Amazing pictures! I'm really loving the macro shots. Interesting perspective you gap have given us and I'm very interested in these dragons, I have to keep an eye on this log.


----------



## indianabetta (May 3, 2012)

You should post a picture of both the parents at full flare, so interested parties can see the quality of the parents, and a link to the spawn log on facebook so they can like the page


----------



## lvandert (Feb 23, 2012)

*stalking


----------



## Timberland (Jan 30, 2012)

Titan & twilight 

You can follow the spawn pics/log here too:
https://www.facebook.com/2chicksfish


----------



## swtbtrcup (May 17, 2012)

awesome


----------



## Timberland (Jan 30, 2012)

The fry are 1 week old today. Ive had some die off, couldnt say how many bc the mystery snails clean them up for me as well as the uneaten foods. 

Heres a pic of a fry I was able to get today.


----------



## bettalover2033 (Feb 17, 2010)

Timberland, I love your pictures! Everything sounds good.


----------



## CreativePotato (Nov 23, 2011)

Congrats! It's so cute! <333


----------



## tanseattle (Jun 28, 2012)

How many fries do you have now?


----------



## Timberland (Jan 30, 2012)

tanseattle said:


> How many fries do you have now?


Not sure how many fry... I tried counting this morning and got to 35 before I gave up. lol I have a pretty large piece of java moss in the tank w them and they like to hide in it and the sponge filter.

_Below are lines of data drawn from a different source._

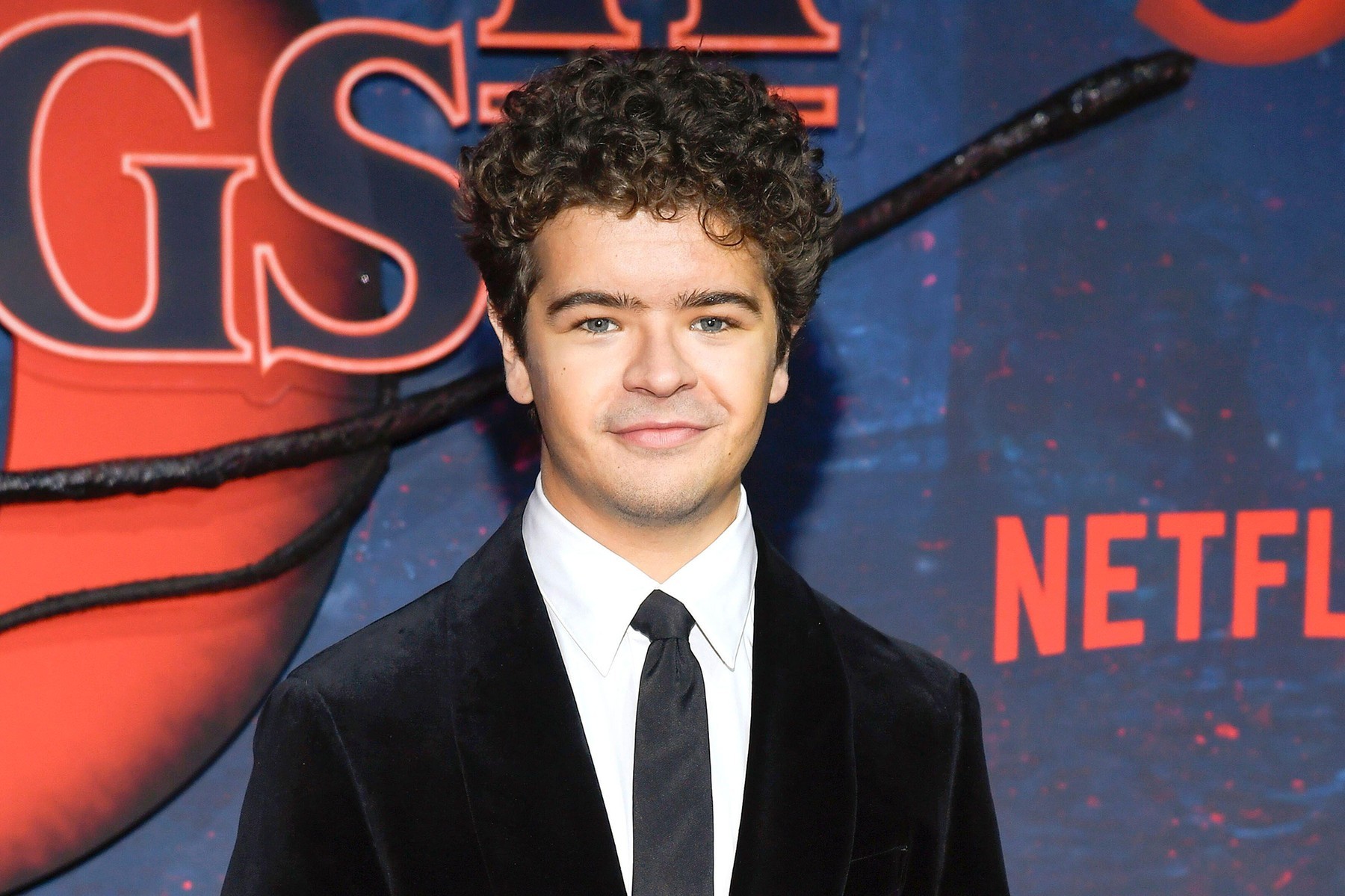 Americký herec Gaten Matarazzo.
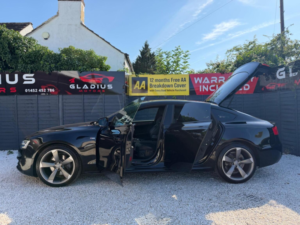 2015 Audi A5 3.0 Tdi V6 Black Edition Plus Sportback S Tronic Quattro Euro 5 (s/s) 5dr in Black — image 6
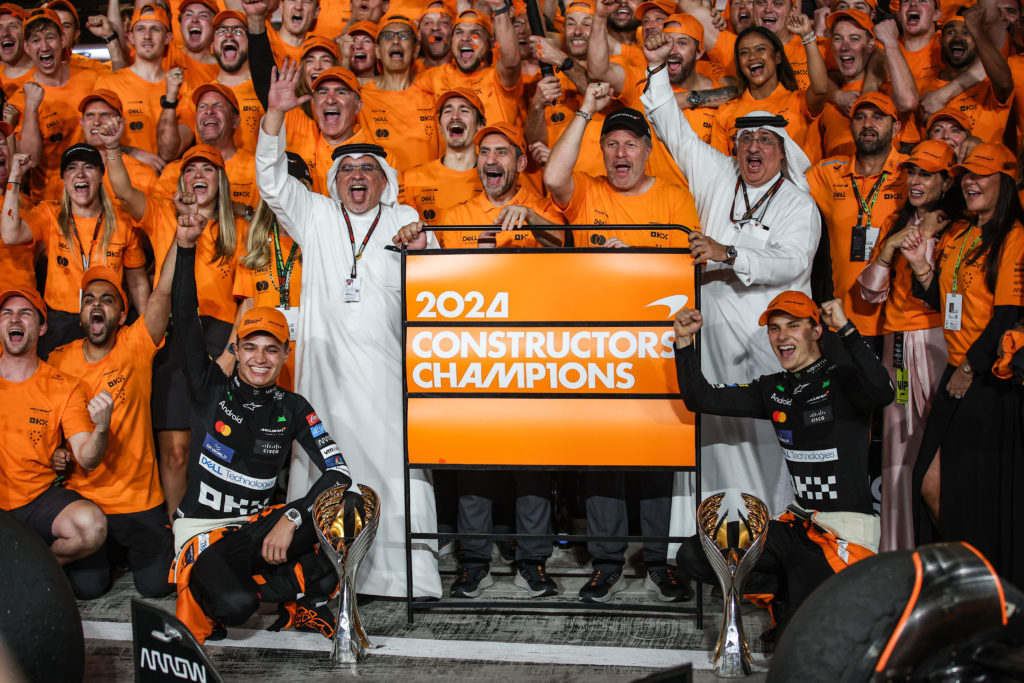 F1 Grand Prix Of Abu Dhabi
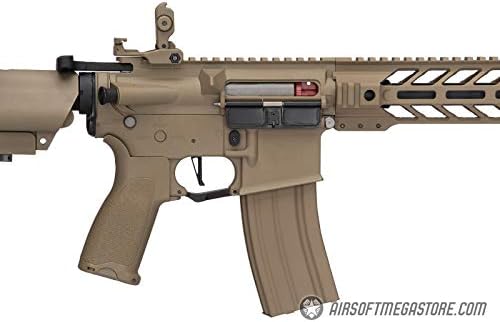 Lancer Tactical Enforcer Hybrid Gen 2 Battle Hawk Airsoft AEG Rifle HIGH FPS TAN 395 FPS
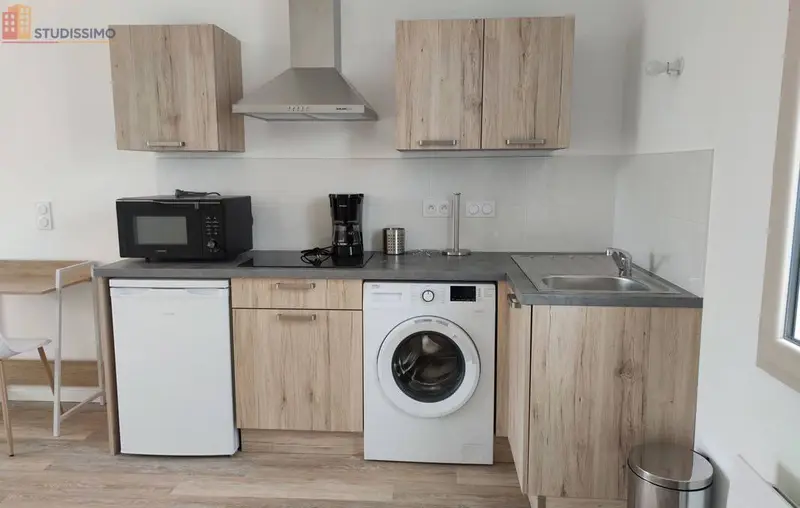 Studio meublé 20m² Drefféac 44530 - Centre, meublé - Photo 5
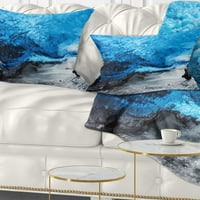Islandska dizajnerska ledena špilja-pejzažni ispis jastuka-18.18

They sure do love the BBS! I noticed that some were not eating (clear tummies) so I put a little bit of micro worms in there. I now dont see any emptys so Im happy about that.


----------



## Creat (Dec 6, 2010)

Oh my gosh the parents are gorgeous I want to steal the babies >.>


----------



## Timberland (Jan 30, 2012)

creat Im sure we can work something out!! lol


----------



## Creat (Dec 6, 2010)

Oh gawd dont tell me that maybe a pair or two or three...


----------



## Timberland (Jan 30, 2012)

LOL  The fry sound be gorgeous! Im excited to see how they turn out. And since you are in Idaho Ill give you second pick. Not first bc I got Titan from Indianabetta and she wants a pair or 2 as well!


----------



## Creat (Dec 6, 2010)

Oh I am so excited. And if you still want to I might have a pair of salamanders left if Im lucky.


----------



## CreativePotato (Nov 23, 2011)

Maybe I'll save up and buy a female to go in my sorority...your fish really are magnificent! I can't even imagine how pretty the fry will be!


----------



## Timberland (Jan 30, 2012)

Creat- Id love a pair! that would be awesome 

CreativePotato- Thanks!  Im sure there will be plenty of females.


----------



## Creat (Dec 6, 2010)

*stealz babies * I am hoping for 3 males 2 females out of the salamanders lol that'd be perfect one pair for me one for you one extra boy because I know someone else was looking. But it never works the way I want it to


----------



## Timberland (Jan 30, 2012)

LOL That would be awesome creat! 

hey I just posted some fish for sale over in the classifieds. They are so pretty. I want to keep them all but I cant.


----------



## Creat (Dec 6, 2010)

Update?


----------



## Timberland (Jan 30, 2012)

So I managed to take pics last night after feeding BBS. 










Getting their VENTS in!









This one shows color coming in but fuzzy. 









MY FAV pic!!


----------



## Timberland (Jan 30, 2012)

Look at this guy! 16 days old...


----------



## Creat (Dec 6, 2010)

I think I see color !


----------



## Timberland (Jan 30, 2012)

YES Creat! A lot of them are showing a yellow/orange color. Most have those blacks spots too. I have no idea what that means. lol his spread looks huge for a 16 day old.


----------



## Creat (Dec 6, 2010)

One of my multi babies was like that no idea what he will turn out like. Most of of my betta start yellow I think sense its the first color layer its always on the bottom. Hopefully they will start turning red soon


----------



## tanseattle (Jun 28, 2012)

I want a pair


----------



## quakersteph (Jun 7, 2012)

Love how you are documenting this so thoroughly! The parents are beautiful and I can't wait to see how they turn out, will definitely be watching!
Thanks!


----------



## Timberland (Jan 30, 2012)

3 weeks old today! 

They are starting to get color more now. I can see black pigment coming in!

black pigment on anal









black on anal









HI MOM!









EYE SEE YOU! HAHA









Spoonhead?


----------



## indianabetta (May 3, 2012)

WOWWY! Those are magnificent pictures!!!


----------



## Creat (Dec 6, 2010)

So cute! Big eye balls and tummys.


----------



## Timberland (Jan 30, 2012)

indianabetta~ Thanks! they were tougher to shoot this time. Very leery of the camera!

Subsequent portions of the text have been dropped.